In May of this year, Dr. Dan Fortenbacher updated us on some of the latest research into amblyopia. Extending that, I highly commend to you the September issue of Vision Research, an international journal for the functional aspects of vision. The special issue is titled Amblyopia: A window into visual cortex development and recovery of vision.
Virtually every article is a gem, beginning with the Preface to this special issue by its Guest Editors,
Benjamin Thompson, Susana T.L. Chung, Lynne Kiorpes, Timothy Ledgeway, and Paul V. McGraw. They state in the opening paragraph that amblyopia is characterized by a loss of visual acuity in the affected eye and impaired or absent binocular visual function. This theme that amblyopia is a binocular problem recurs throughout the issue, and sets the stage for updated thinking regarding treatment that moves well beyond patching. A few other statements and concepts caught my eye:
- Amblyopia represents the most common cause of visual impairment in childhood and has a significant impact on qualify of life.
- It is suggested that amblyopia may alter the white matter property of early visual pathways.
- The impact of amblyopia is not limited to the primary visual cortex, but extends to extra striate visual cortex.
- Suboptimal pooling of neural information from the amblyopia eye within V1 and V2 is a potential mechanism for a reduction in the relative proportion of signals to extrastriate areas.

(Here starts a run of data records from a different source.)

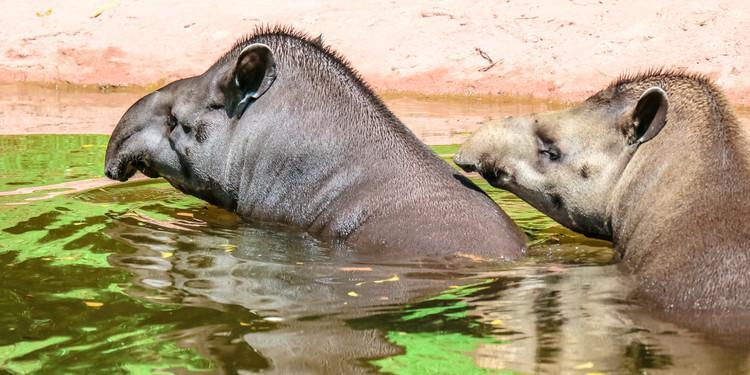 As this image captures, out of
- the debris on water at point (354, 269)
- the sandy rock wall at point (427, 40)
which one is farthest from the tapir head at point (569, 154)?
the sandy rock wall at point (427, 40)

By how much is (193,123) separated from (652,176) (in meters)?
3.92

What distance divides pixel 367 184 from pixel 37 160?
588cm

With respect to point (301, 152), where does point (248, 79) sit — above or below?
above

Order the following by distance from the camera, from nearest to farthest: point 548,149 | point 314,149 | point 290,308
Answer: point 290,308
point 548,149
point 314,149

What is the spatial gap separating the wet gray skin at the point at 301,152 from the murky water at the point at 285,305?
30 cm

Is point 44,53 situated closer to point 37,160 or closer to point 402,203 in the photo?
point 37,160

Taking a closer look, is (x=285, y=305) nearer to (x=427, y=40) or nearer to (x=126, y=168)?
(x=126, y=168)

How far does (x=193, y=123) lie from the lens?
10016 mm

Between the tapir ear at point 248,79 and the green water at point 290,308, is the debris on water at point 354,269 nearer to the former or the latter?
the green water at point 290,308

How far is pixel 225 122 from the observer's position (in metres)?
9.98

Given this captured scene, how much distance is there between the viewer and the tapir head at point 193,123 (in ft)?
32.2

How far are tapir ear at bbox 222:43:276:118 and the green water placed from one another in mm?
1084

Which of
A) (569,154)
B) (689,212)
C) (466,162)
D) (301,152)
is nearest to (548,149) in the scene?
(569,154)

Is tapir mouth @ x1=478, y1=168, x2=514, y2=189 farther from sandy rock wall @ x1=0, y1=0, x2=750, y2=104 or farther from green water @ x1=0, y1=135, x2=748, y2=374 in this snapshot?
sandy rock wall @ x1=0, y1=0, x2=750, y2=104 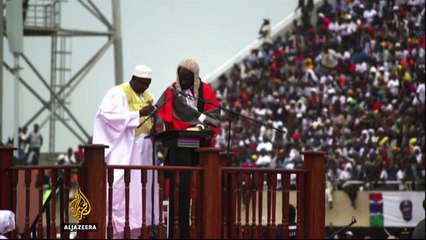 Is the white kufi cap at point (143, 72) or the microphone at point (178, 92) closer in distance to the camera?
the microphone at point (178, 92)

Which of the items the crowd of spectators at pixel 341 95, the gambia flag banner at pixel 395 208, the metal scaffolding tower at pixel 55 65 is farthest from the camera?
the crowd of spectators at pixel 341 95

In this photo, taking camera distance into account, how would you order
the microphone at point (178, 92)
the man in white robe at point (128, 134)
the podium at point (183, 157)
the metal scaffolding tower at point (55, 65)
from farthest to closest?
the metal scaffolding tower at point (55, 65) < the man in white robe at point (128, 134) < the microphone at point (178, 92) < the podium at point (183, 157)

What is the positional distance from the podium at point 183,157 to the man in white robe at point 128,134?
462 mm

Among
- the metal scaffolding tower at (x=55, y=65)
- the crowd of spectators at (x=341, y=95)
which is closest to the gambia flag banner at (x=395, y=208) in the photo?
the crowd of spectators at (x=341, y=95)

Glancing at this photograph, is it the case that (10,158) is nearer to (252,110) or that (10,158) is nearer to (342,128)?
(342,128)

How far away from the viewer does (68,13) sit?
28.6 metres

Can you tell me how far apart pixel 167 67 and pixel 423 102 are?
50.3 feet

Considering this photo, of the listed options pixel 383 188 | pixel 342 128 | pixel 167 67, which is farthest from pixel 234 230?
pixel 342 128

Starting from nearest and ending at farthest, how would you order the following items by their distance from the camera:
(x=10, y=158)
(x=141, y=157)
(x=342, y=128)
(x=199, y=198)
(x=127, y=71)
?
(x=199, y=198), (x=10, y=158), (x=141, y=157), (x=127, y=71), (x=342, y=128)

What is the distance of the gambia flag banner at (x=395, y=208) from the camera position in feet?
89.5

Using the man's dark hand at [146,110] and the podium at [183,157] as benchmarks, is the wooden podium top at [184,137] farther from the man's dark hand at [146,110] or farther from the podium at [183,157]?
the man's dark hand at [146,110]

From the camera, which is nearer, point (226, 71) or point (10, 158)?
point (10, 158)

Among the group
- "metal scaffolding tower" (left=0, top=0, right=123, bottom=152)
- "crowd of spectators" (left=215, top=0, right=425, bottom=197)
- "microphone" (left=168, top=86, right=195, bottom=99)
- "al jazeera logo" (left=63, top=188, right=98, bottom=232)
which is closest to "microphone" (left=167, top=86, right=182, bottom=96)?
"microphone" (left=168, top=86, right=195, bottom=99)

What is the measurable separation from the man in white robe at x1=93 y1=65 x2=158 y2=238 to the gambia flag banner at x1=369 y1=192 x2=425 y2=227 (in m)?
14.5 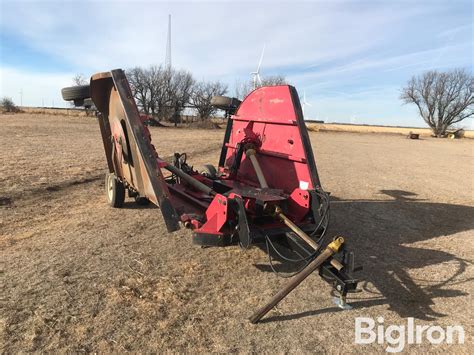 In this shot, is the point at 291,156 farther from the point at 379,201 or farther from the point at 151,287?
the point at 379,201

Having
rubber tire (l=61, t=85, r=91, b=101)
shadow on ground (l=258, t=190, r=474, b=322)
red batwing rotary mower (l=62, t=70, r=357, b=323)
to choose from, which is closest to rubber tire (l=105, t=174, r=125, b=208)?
red batwing rotary mower (l=62, t=70, r=357, b=323)

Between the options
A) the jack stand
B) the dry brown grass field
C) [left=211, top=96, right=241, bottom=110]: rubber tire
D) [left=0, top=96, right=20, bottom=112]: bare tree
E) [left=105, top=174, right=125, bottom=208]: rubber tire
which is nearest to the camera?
the dry brown grass field

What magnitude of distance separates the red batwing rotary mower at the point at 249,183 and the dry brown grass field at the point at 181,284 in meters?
0.33

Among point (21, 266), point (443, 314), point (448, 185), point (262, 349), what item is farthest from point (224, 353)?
point (448, 185)

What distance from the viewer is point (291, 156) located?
4.95 metres

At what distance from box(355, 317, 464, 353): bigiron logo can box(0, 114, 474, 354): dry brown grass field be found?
7cm

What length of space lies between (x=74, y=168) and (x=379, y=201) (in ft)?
24.8

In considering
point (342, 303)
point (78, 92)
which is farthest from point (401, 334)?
point (78, 92)

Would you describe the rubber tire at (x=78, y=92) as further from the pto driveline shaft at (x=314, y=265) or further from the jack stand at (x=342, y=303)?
the jack stand at (x=342, y=303)

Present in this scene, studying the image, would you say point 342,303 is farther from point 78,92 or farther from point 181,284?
point 78,92

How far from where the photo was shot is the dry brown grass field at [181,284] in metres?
2.91

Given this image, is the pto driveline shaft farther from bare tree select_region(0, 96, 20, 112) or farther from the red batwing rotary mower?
bare tree select_region(0, 96, 20, 112)

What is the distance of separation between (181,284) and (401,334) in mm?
2070

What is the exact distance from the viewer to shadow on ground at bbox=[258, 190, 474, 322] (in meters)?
3.73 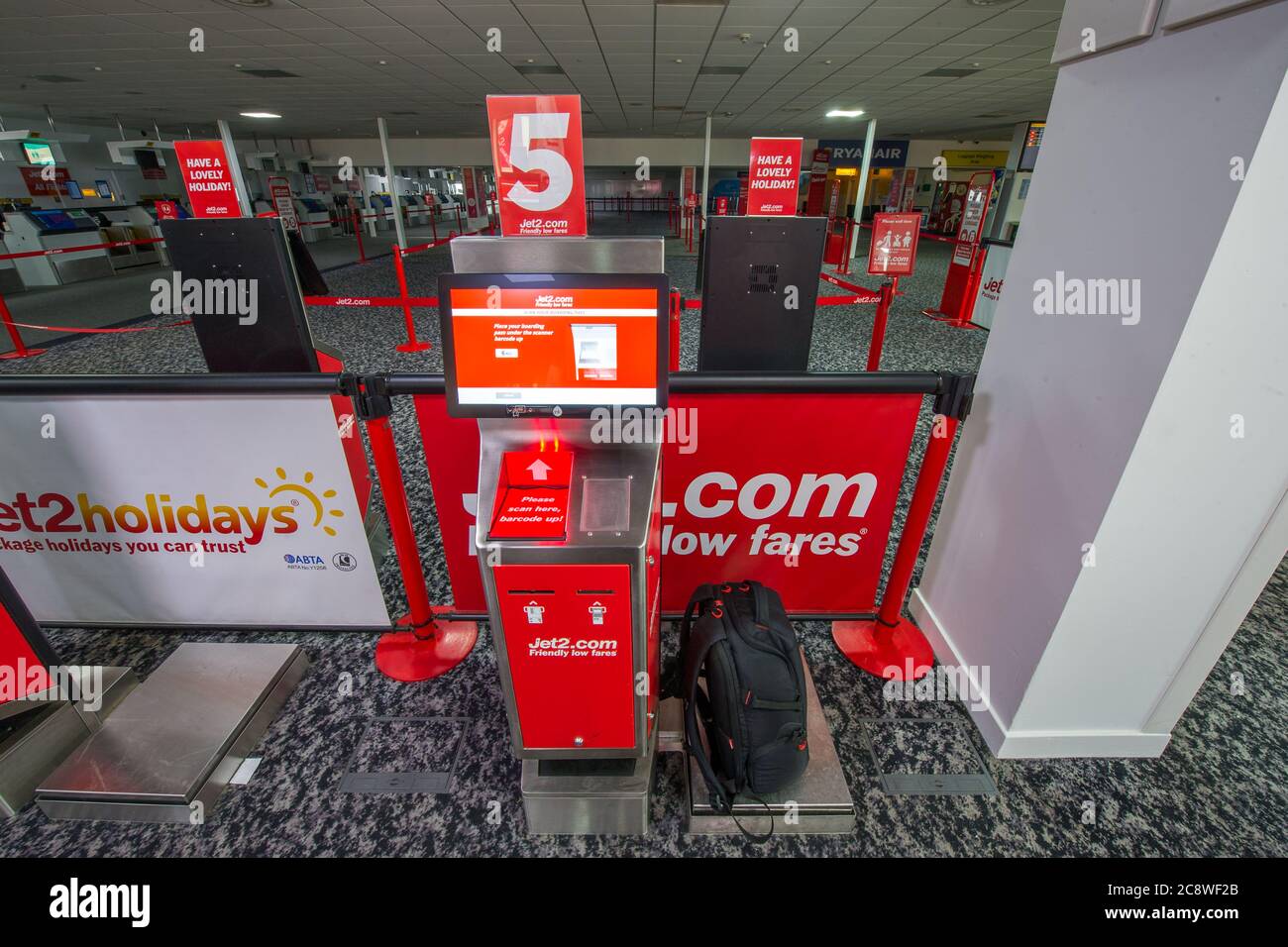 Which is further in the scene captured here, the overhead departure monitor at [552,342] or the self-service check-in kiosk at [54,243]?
the self-service check-in kiosk at [54,243]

- Characteristics of fixational eye movement abnormalities limits visual stability and acuity.
- Amblyopia disrupts visuo-motor coordination, and difficulties in acquiring reliable visual information regarding the shape and location of target objects appear to play a role in the visuo-motor deficits associated with amblyopia.
- Impairments in motion-defined form perception and multiple object tracking occurs not only in the amblyopic eye, but in the fellow eye.
- Crucially, these deficits were not improved by occlusion therapy, even when the acuity of the amblyopic eye improved significantly.
- A binocular approach to amblyopia therapy, particularly when embedded in a video game format, resulted in significant improvements in visual acuity, stereopsis, contrast sensitivity and reading speed.
- Taken together, these items underscore that amblyopia is more than an eye problem. Amblyopia should be viewed as a syndrome manifest as a diffuse brain problem in the visual pathways leading to and beyond the striate cortex with disruption in overall performance.
Perhaps the strongest clinical article in this special issue is the first one, Amblyopia and the binocular approach to its therapy, by Robert Hess and Benjamin Thompson. It is important to note that in their binocular approach to therapy, no patients have reported diplopia because they are always working under conditions where fusion is operating. However as they note, their approach to date has been limited to patients with anisometropic amblyopia or small angle strabismic amblyopia characterized as less than 10 prism diopters. It is Hess and Thompson who refer to amblyopia as a syndrome, and make the following statement: “Suppression is an important part of the amblyopia syndrome and the positive correlation between suppression and the depth of amblyopia indicates that binocular dysfunction is the primary problem.”
I very much like the terminology that Hess and Thompson use in referring to their therapeutic approach as binocular re-balancing therapy. They refer readers to earlier behavioral optometric approaches, referenced to an article I authored in the COVD journal in 1981. I explored these connections a bit further here a few months ago.